# Has my TiVo (finally) died after 12 years? Help please.



## Snowyowl2 (Oct 1, 2012)

My very trusty TiVo has been through a lot, and has provided 12 years of faithful service. It has in its time had a new HD, a turbo cache card, and has been accessing the new ALT EPG very successfully over Ethernet/IP since it was established.

But - now I seem to have a problem. When I press "Live TV" I get "The recorder cannot show live TV..." with the blue sreen and troubleshooting tips. Whenever I have had this in teh past, a recorder restart has invariably solved the problem - but not this time. Input is from a Sony VTX-D800U STB, and if I press "Aux" then I get what I would expect. With "Aux" enabled, I can change channel using the TiVo remote and the STB does change channel - but when I press "Aux" again - Live TV has nothing. ALl my recordings have been blank since the weekend.

With the STB scart input seemingly fine into the AUX input, I can think of nothing else that might be the problem - so am wondering if something else on the encoding side in the TiVo might have failed... Is this the end of my TiVo???

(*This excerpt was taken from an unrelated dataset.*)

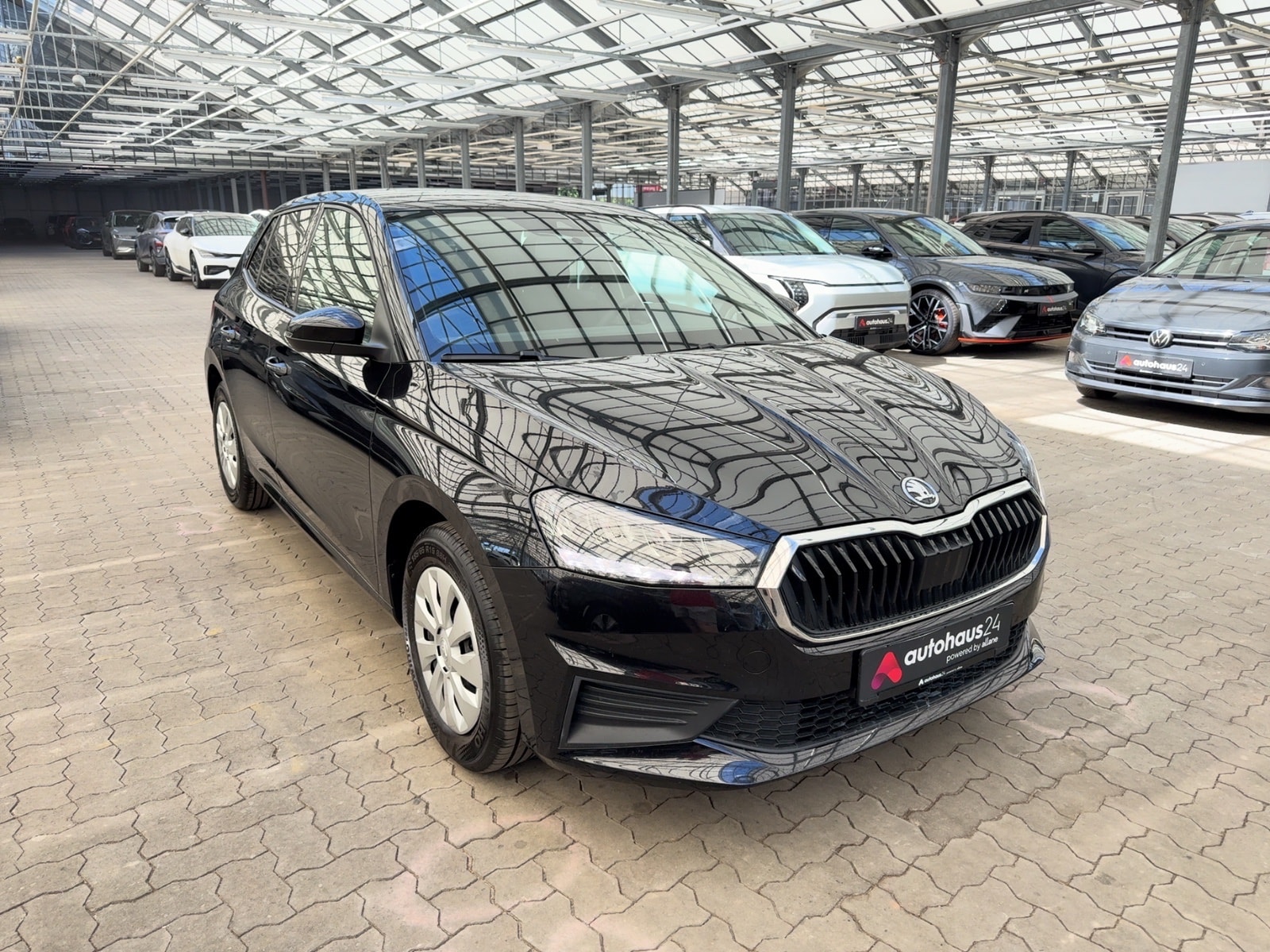 ŠKODA Fabia Limousine SKODA Fabia 1.0l TSI 70kW ACTIVE Schräghecklimousine #1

Any help or suggestions from anyone would be very gratefully received.

Kind regards
SnowyOwl2 (was Snowyowl)


----------



## steveroe (Oct 29, 2002)

You may have done all this already:

Power off the Tivo and the Sony 
Disconnect and reconnect the SCART connections making sure everything is in the right socket and firmly plugged in
Power up the Sony, then Tivo
Retry

If you still have the same problem then it sounds like the MPEG encoder chip may have died, which would be pretty terminal. 

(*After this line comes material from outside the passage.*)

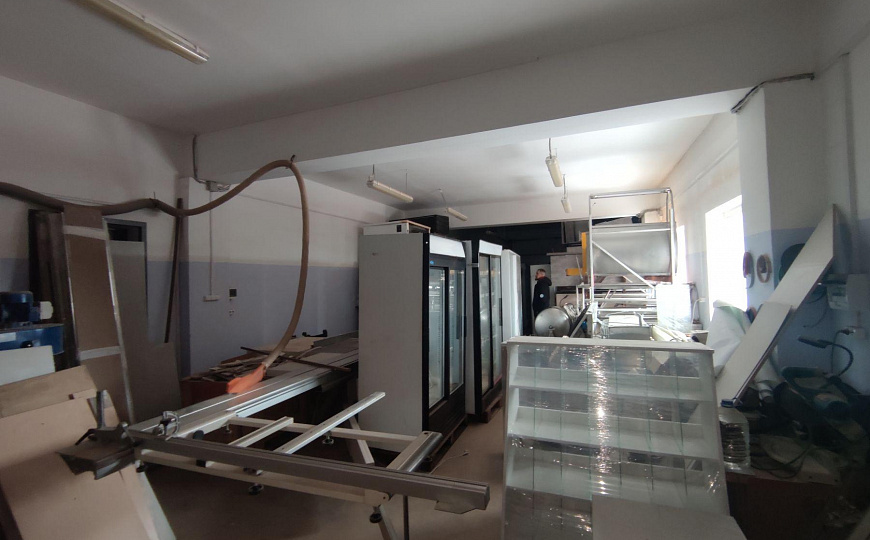 Продам помещение свободного назначения, 1 042 м² фото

Someone with more knowledge than me may be able to point to something to look for in your logfiles that might help.


----------



## Snowyowl2 (Oct 1, 2012)

Thanks for the advice - and I just wanted to post an update, in case it helps anyone else.

Although I had restarted the TiVo several times, this time I actually pulled the plug on both teh Tivo and STB and re-powered both. This time, it all came back working. I am not sure what the difference would have been - the STB was working previously and showing a picture through "Aux". It does seem that pulling out power and starting again had a different effect than just a "restart recorder".

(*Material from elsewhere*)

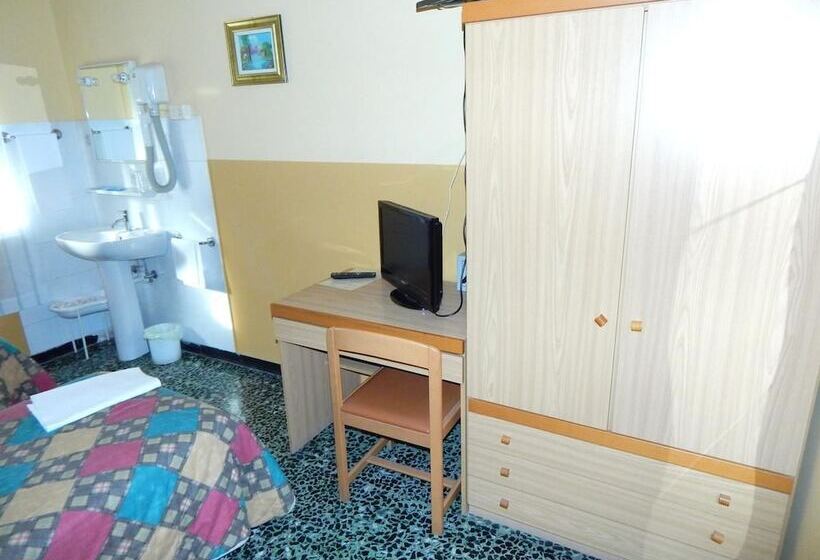 Camera Standard Bagno Condiviso, Albergo Torino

Anyway - the TiVo lives on for a little longer...


----------



## staffie2001uk (Apr 1, 2004)

I vaguely remember reading, on here somewhere, that you have to cold boot the TiVo (pull the plug) to reset the mpeg encoder if it hangs.


----------



## steveroe (Oct 29, 2002)

Great news. If all else fails switch it off and on again.


----------



## Pete77 (Aug 1, 2006)

My Tivo has been going off automatically for 2 minutes at 5am once a day on a timer for the last 7 years since I upgraded it to 500GB with two Samsung HA250JC plus a Cachecard.

I used to get a lost source message without explanation in the way you describe once every so often when I never powered down my Tivo. Now I do the auto power off restart once a day if I get any problem with the a source disappearing at all it is only for one or two recordings and the daily automatic reboot fixes it.

These two Samsung HA250JCs are still working reliably after seven years by the way, which rather undermines the theory of those who claim that a daily power down and restart causes unacceptable strain that will shorten HDD life.

I am beginning to wonder what the eventual life of these HA250JCs might be? Perhaps the AltEPG will have in fact given up the ghost before they do?????


----------